5. For Father's Day my entire family gathered to celebrate. We had a great time and the pool was open and busy. There was one dog that seemed to enjoy the pool more than the boys.

6. I was encouraged to see how many people in Tulsa took the coronavirus seriously and chose not to attend the rally held there over the weekend. Perhaps common sense won out over political fervor? 

7. Interesting article: History will Judge the Complicit in The Atlantic. Warning--it is a long article and not a quick read, but extremely thought provoking. 

8. Today is the second full day of Summer! Bring on the heat, sun, and surf!

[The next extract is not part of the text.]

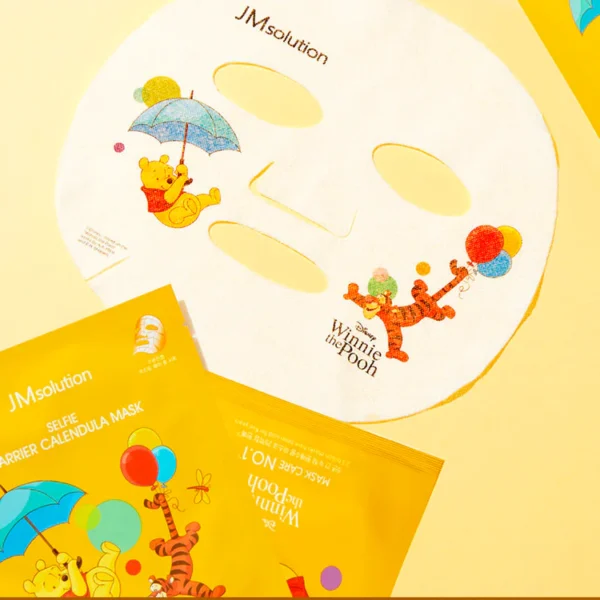 JM Selfie Barrier Calendula Winnie Mask 1pc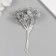 Artificial plant for creativity "forget -me -nots" 1 bouquet = 6 branches silver 13.5 cm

9. Today in History. On June 22, 1944, U.S. President Franklin D. Roosevelt signs the G.I. Bill, an unprecedented act of legislation designed to compensate returning members of the armed services–known as G.I.s–for their efforts in World War II.
As the last of its sweeping New Deal reforms, Roosevelt’s administration created the G.I. Bill–officially the Servicemen’s Readjustment Act of 1944–hoping to avoid a relapse into the Great Depression after the war ended. FDR particularly wanted to prevent a repeat of the Bonus March of 1932, when 20,000 unemployed veterans and their families flocked in protest to Washington. The American Legion, a veteran’s organization, successfully fought for many of the provisions included in the bill, which gave returning servicemen access to unemployment compensation, low-interest home and business loans, and–most importantly–funding for education.

The Virus Is Still Winning. Sports May Have to Wait. - The Wall Street Journal

Escape to the Country: Why City Living Is Losing Its Appeal During the Pandemic - The Wall Street Journal

The President’s Shock at the Rows of Empty Seats in TulsaThe President’s Shock at the Rows of Empty Seats in Tulsa - The New York Times

Stabbing at U.K. Park Is Declared a ‘Terrorist Incident’ - The New York Times

U.S. prosecutor’s ouster thrusts SEC chairman into spotlight - Reuters

Germany's coronavirus reproduction rate jumps, indicating rising contagion - Reuters

Teacher arrested at Trump rally plans to fight charge - The Washington Post

Kamala Harris' record makes her 'too comfortable' a VP pick for Biden: GOP pollster - Fox News

Noose found in Bubba Wallace’s Talladega stall, NASCAR investigates - Fox News

Ronald Reagan Quote for the Week

The days of our childhood forecast our lives, as poets and philosophers long have told us. "The childhood shows the man as morning shows the day," John Milton wrote. "Train up a child in the way he should go: and when he is old, he will not depart from it," Solomon tells us. Clearly, the future is in the care of our parents. Such is the responsibility, promise and hope of fatherhood. Such is the gift that our fathers give us. 
Our fathers bear an awesome responsibility-one that they shoulder willingly and fulfill with a love that asks no recompense. By turns both gentle and firm, our fathers guide us along the path from infancy to adulthood. We embody their joy, pain and sacrifice, and inherit memories more cherished than any possession. 
On Father's Day each year, we express formally a love and gratitude whose roots go deeper than conscious memory can recite. It is only fitting that we have this special day to pay tribute to those men-our natural fathers, adoptive fathers and foster fathers-who deserve our deepest respect and devotion. It is equally fitting, as we recall the ancient and loving command to honor our fathers, that we resolve to do so by becoming ourselves parents and citizens who are worthy of honor.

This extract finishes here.